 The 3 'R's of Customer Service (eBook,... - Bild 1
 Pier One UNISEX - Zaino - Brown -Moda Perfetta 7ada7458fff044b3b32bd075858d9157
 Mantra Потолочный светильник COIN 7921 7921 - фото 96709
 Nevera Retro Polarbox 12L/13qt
...
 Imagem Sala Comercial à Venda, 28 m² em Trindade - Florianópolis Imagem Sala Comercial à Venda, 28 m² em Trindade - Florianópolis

Work request → In the listing above, find the line with "Mantra Потолочный светильник" and the line with "Nevera Retro Polarbox 12L/13qt". Output those two lines and every line between them, exactly as written.

Answer to this exercise →
 Mantra Потолочный светильник COIN 7921 7921 - фото 96709
 Nevera Retro Polarbox 12L/13qt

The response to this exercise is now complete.